Where is Jesus' body? (May 13, 2010)
By Rev. Steve Bagnall

The Ascension is all about Jesus’ body, His flesh! In fact, the entire gospel has been about the body of Jesus. His birth is about God getting a body, God becoming a human being so that He can live the life, so that He can be the perfect Man in our place, as our Substitute.

The devil uses that body against Jesus, tempting Him to use His power to feed His body’s hunger. Jesus’ body gets tired. Jesus’ body is beaten and tortured on Good Friday; His body is nailed to the cross; His body is killed and His body is buried. Jesus took a body so that He could die for us, as the Sacrifice, so that He would have blood to pour out to pay for our sins.

And the Resurrection is about Jesus’ body. Its a strange thing that many people who call themselves Christians, including many preachers in many American and other churches believe that Jesus’ resurrection is not about His body. They claim that His resurrection is only in His spirit, or that resurrection means that his teaching lives on.

Impossible! The gospels are all concerned with one question on Easter day – where is Jesus’ body? Is it in the tomb where we put it? No! Did the disciples steal it – no! Did the gardener move it – no.

The body of Jesus is alive again – that’s the point – that’s the miracle. Mary Magdalene sees Jesus’ body and touches His feet, the Disciples see Him and He invites them to touch His physical wounds. He eats, chewing with real teeth and swallowing with a real throat. The body of Jesus died and the body rose again.

In His body Jesus appeared many times in the next forty days and now, at the Ascension, the body of Jesus (smack) the flesh and blood body is received into heaven.

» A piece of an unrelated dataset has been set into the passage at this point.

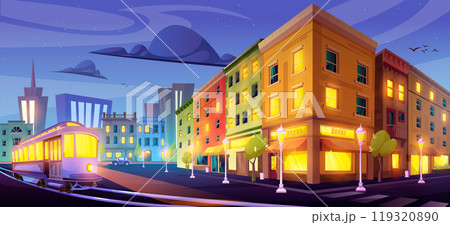 Night city street cartoon vector shop building 119320890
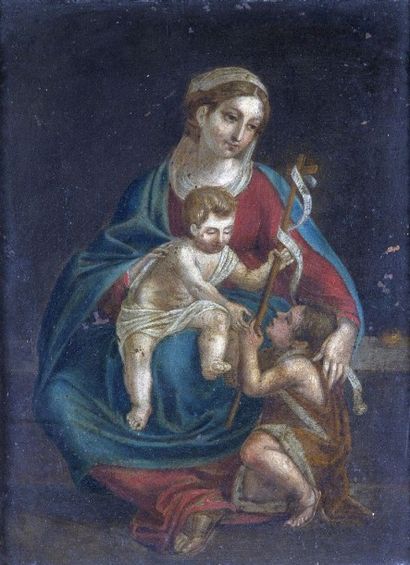 null ECOLE FRANCAISE (Genre du XVIIIème siècle) 

La Vierge, l'enfant Jésus et le...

Unfortunately, many Christians think of the right hand of God as a sort of storage bin for the body of Jesus. They think that since the body has done its work, Jesus stashes it in heaven and gets back to His “real” way of doing things: “spiritually.”

But Jesus didn’t take a body just so He could be our sacrifice. He also took on flesh so that He could touch us, and we could touch Him and through that touch people were healed and their sins were forgiven. Jesus’ body makes God accessible to us sinful humans. His body is the stairway to heaven that Jacob saw, the bridge between the Holy God and the broken world of us sinners.

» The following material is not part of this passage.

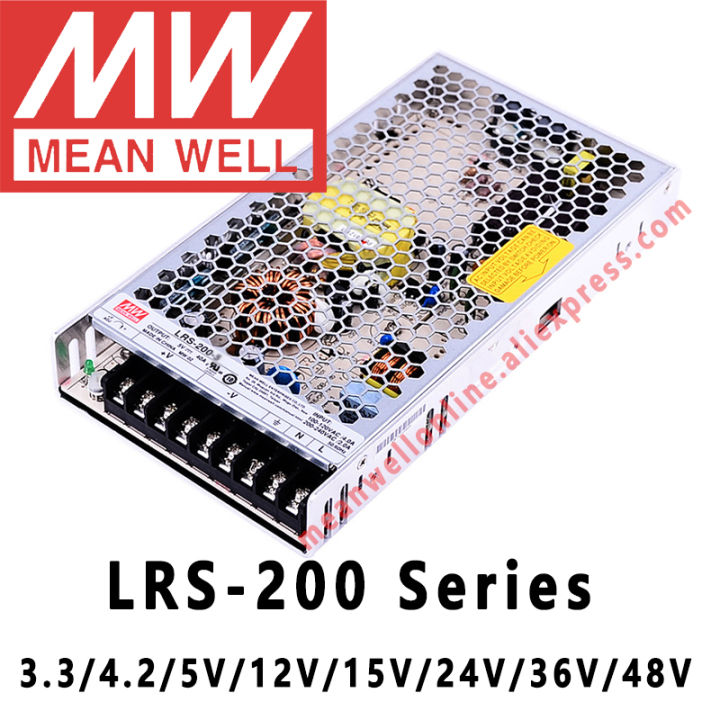 Mean Well LRS-200-3.3V 4.2V 5V 12V 15V 24V 36V 48V Switching Power ...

Jesus did not go to heaven to put His body on the shelf; He ascended so that the flesh of Mankind could enter the presence of God. The ascension opens the door to heaven. Now God with a body sits on the throne. Now God with a body reigns over all things. Now God with a body, God the human being, God the Son has entered the Holy Place.

And the Epistle to the Hebrews tells us that His flesh, His body is the doorway by whch we enter heaven.

How can that be? Because when Jesus took His body to heaven He didn’t lock it up. By ascending, Jesus freed His body to be present everywhere at all times. God’s eternal, ascended body is here at St. Luke to touch you with His blessing so that you can touch Him in the Sacrament and be healed.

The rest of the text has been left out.